Chowdhury: So after what we’re sort of all laugh­ing about and refer­ring to if you’re not famil­iar is the Google ATEAC board issue that hap­pened in April. So what had hap­pened is there was a lot of push­back from the aca­d­e­m­ic and activist com­mu­ni­ty that led to the board being dis­band­ed.

Interestingly, in the AI ethics space, we have these unique roles of indus­try ethi­cists. People like myself and my coun­ter­parts in these oth­er com­pa­nies. That’s kind of a…a new thing. And for those of us in these jobs, what I pulled togeth­er was a Medium arti­cle where we talked about essen­tial­ly what Silicon Valley is now dis­rupt­ing” is democ­ra­cy. That’s actu­al­ly what they’re try­ing to do. They’re try­ing to cre­ate these demo­c­ra­t­ic sys­tems but they’re doing it in the way only Silicon Valley knows how. Which is very prob­lem­at­ic. So what that Medium arti­cle was about was actu­al­ly field­ing the indus­try ethi­cists who were able to con­tribute, and some thoughts on how we believe we can gov­ern the use of these AI sys­tems in an eth­i­cal way.

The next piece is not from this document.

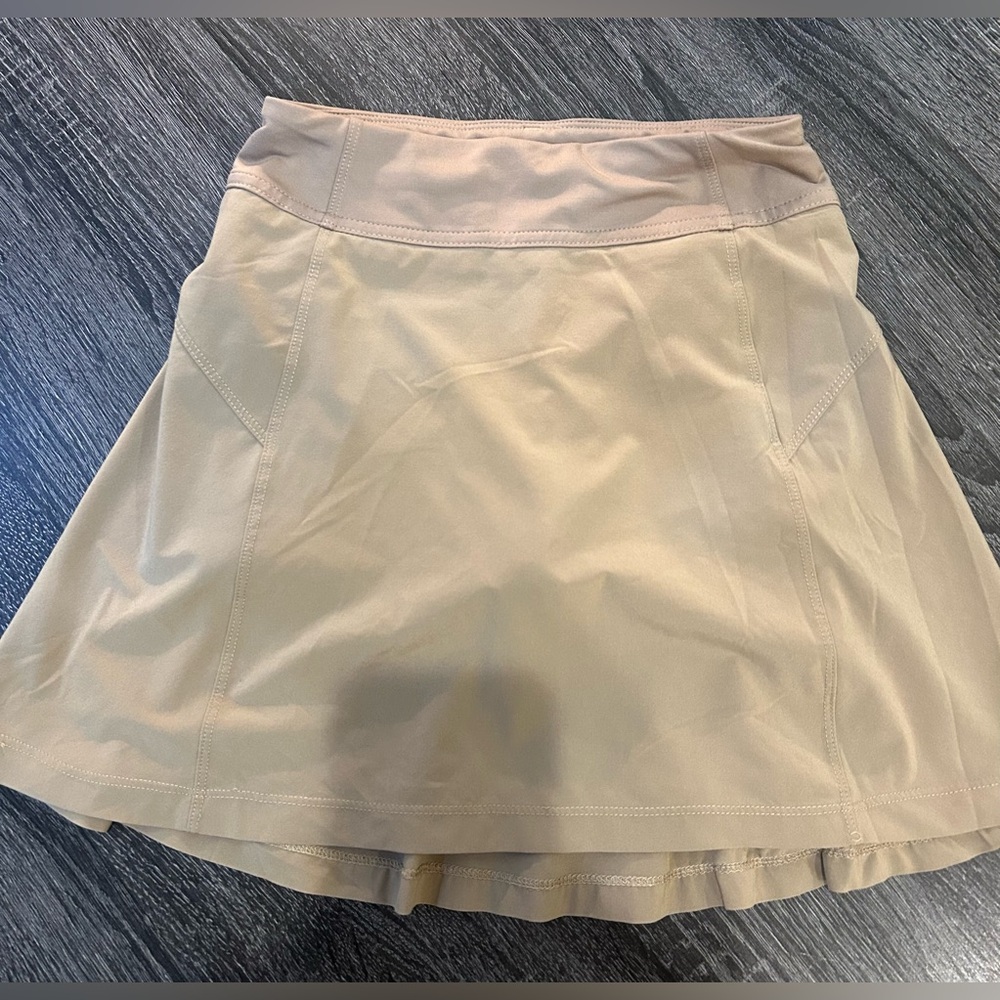 Athleta G!RL Beige School Day Skort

Bankston: Some have sug­gest­ed that these var­i­ous boards are attempts at ethics‐washing, sort of giv­ing the appear­ance of some sort of self‐regulation but real­ly as a way of fore­stalling actu­al reg­u­la­tion. That said, there are some ideas around actu­al leg­is­la­tion on the table, par­tic­u­lar­ly com­ing into the con­text of the debate over new pri­va­cy leg­is­la­tion? I was won­der­ing if any­one could or would speak to…[crosstalk]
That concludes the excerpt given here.